### [Dataset excerpts]
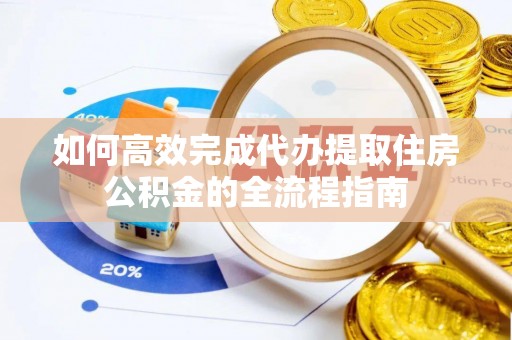 北塔如何高效完成代办提取住房公积金的全流程指南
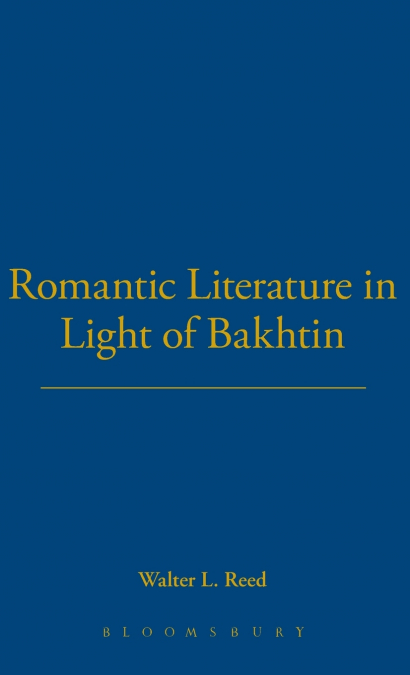 Romantic Literature in Light of Bakhtin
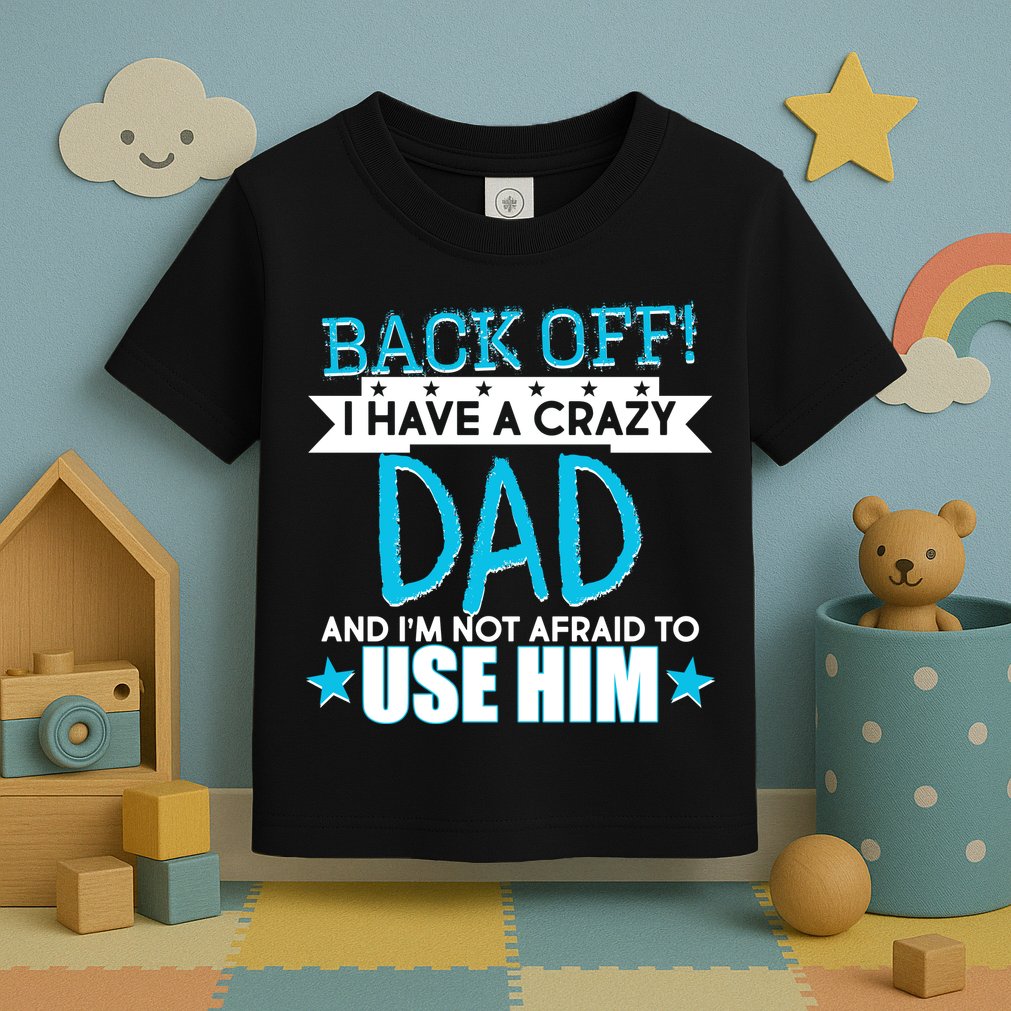 Back Off I Have a Crazy Dad Blue Imprint Toddler T-Shirt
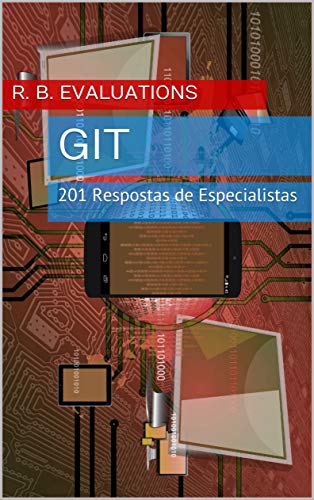 Livro PDF: Git (Revisado e Ampliado): 201 Perguntas e Respostas de Especialistas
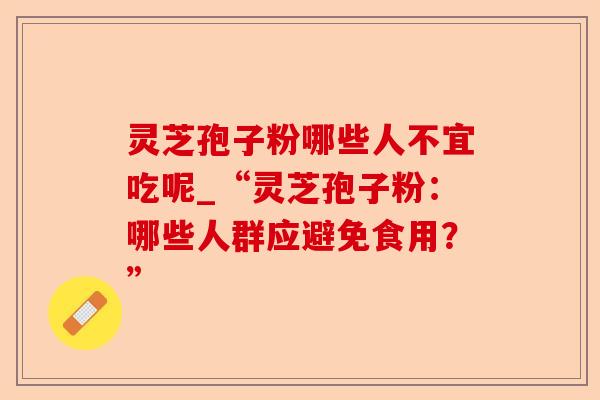 灵芝孢子粉哪些人不宜吃呢_“灵芝孢子粉:哪些人群应避免食用?”-第1张图片-卓越灵芝孢子粉 灵芝孢子粉哪些人不宜吃呢_“灵芝孢子粉:哪些人群应避免食用?”-第1张图片-卓越灵芝孢子粉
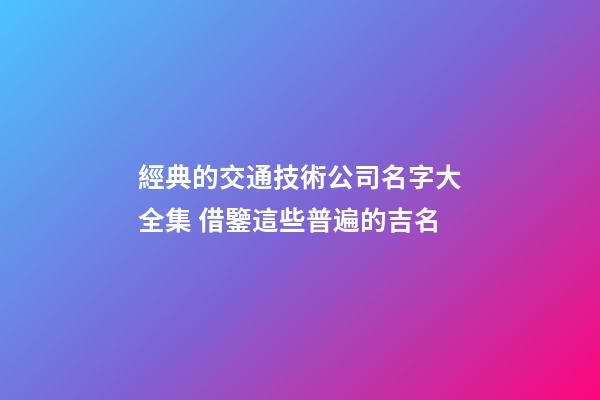 經典的交通技術公司名字大全集 借鑒這些普遍的吉名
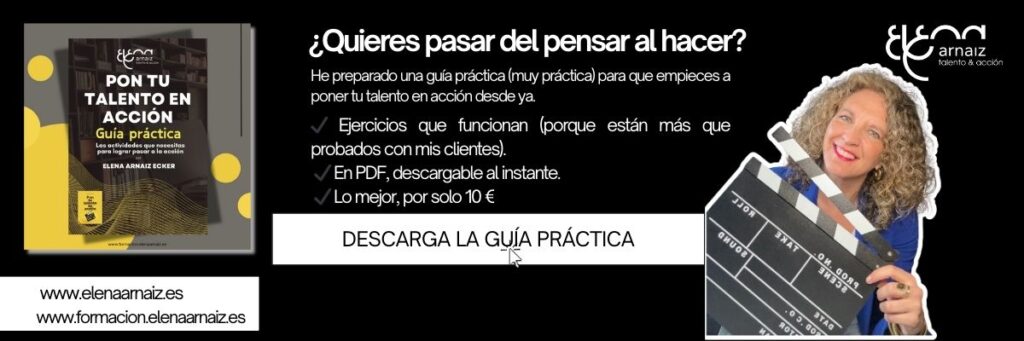 Guía práctica pon tu talento en acción GUÍA PRÁCTICA PON TU TALENTO EN ACCIÓN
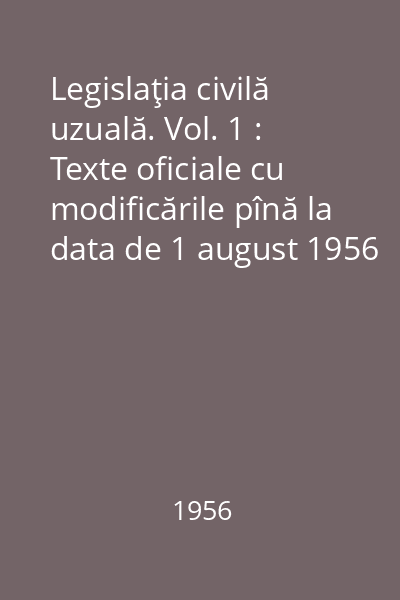 Legislaţia civilă uzuală. Vol. 1 : Texte oficiale cu modificările pînă la data de 1 august 1956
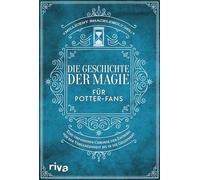 Die Geschichte der Magie für Potter-Fans: Eine umfassende Chronik der Zauberei von der Vergangenheit bis in die Gegenwart | Das perfekte Geschenk für alle Fans der Harry-Potter-Bücher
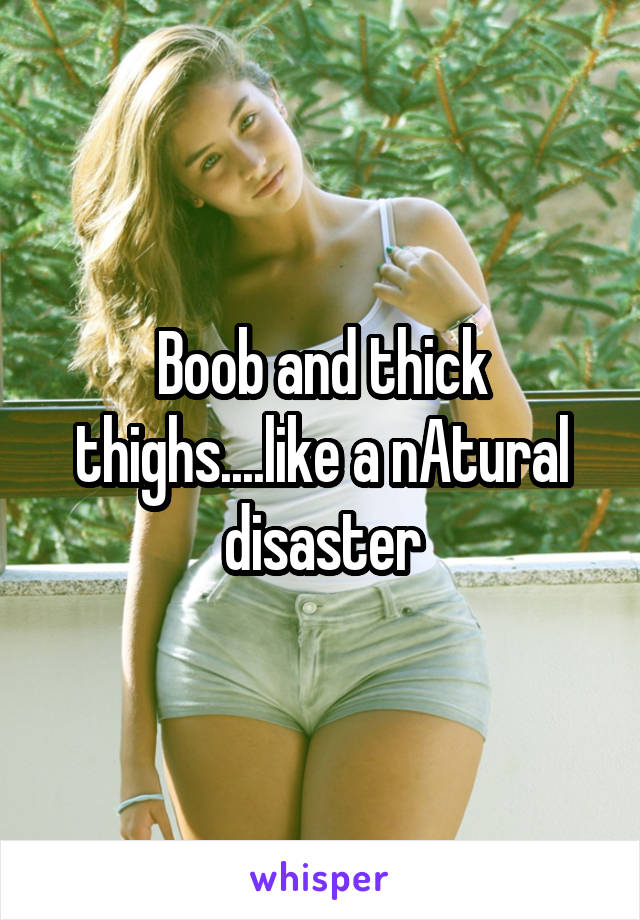 Boob and thick thighs....like a nAtural disaster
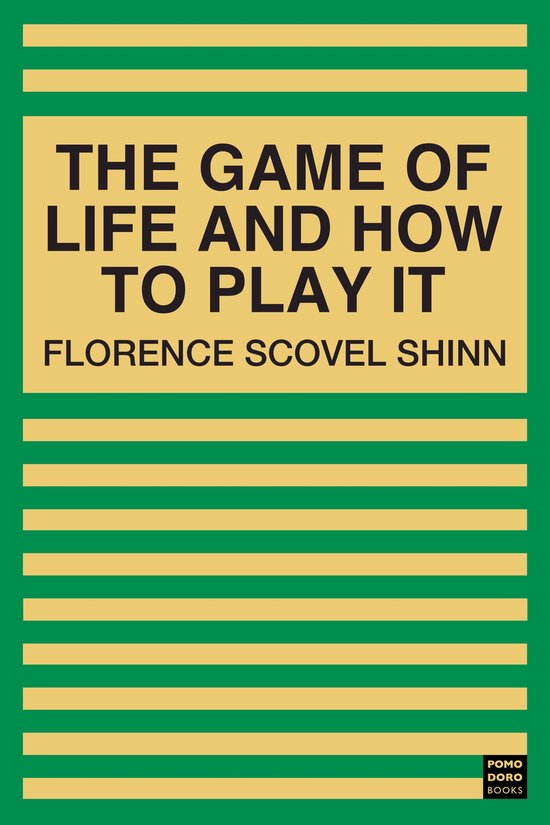 The Game of Life and How to Play It - cover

### [Task objective]
Would you output all of the entries above exactly, keeping the pictures out?

### [Completed exercise]
 北塔如何高效完成代办提取住房公积金的全流程指南
 Romantic Literature in Light of Bakhtin
 Back Off I Have a Crazy Dad Blue Imprint Toddler T-Shirt
 Livro PDF: Git (Revisado e Ampliado): 201 Perguntas e Respostas de Especialistas
 灵芝孢子粉哪些人不宜吃呢_“灵芝孢子粉:哪些人群应避免食用?”-第1张图片-卓越灵芝孢子粉 灵芝孢子粉哪些人不宜吃呢_“灵芝孢子粉:哪些人群应避免食用?”-第1张图片-卓越灵芝孢子粉
 經典的交通技術公司名字大全集 借鑒這些普遍的吉名
 Guía práctica pon tu talento en acción GUÍA PRÁCTICA PON TU TALENTO EN ACCIÓN
 Legislaţia civilă uzuală. Vol. 1 : Texte oficiale cu modificările pînă la data de 1 august 1956
 Die Geschichte der Magie für Potter-Fans: Eine umfassende Chronik der Zauberei von der Vergangenheit bis in die Gegenwart | Das perfekte Geschenk für alle Fans der Harry-Potter-Bücher
 Boob and thick thighs....like a nAtural disaster
 The Game of Life and How to Play It - cover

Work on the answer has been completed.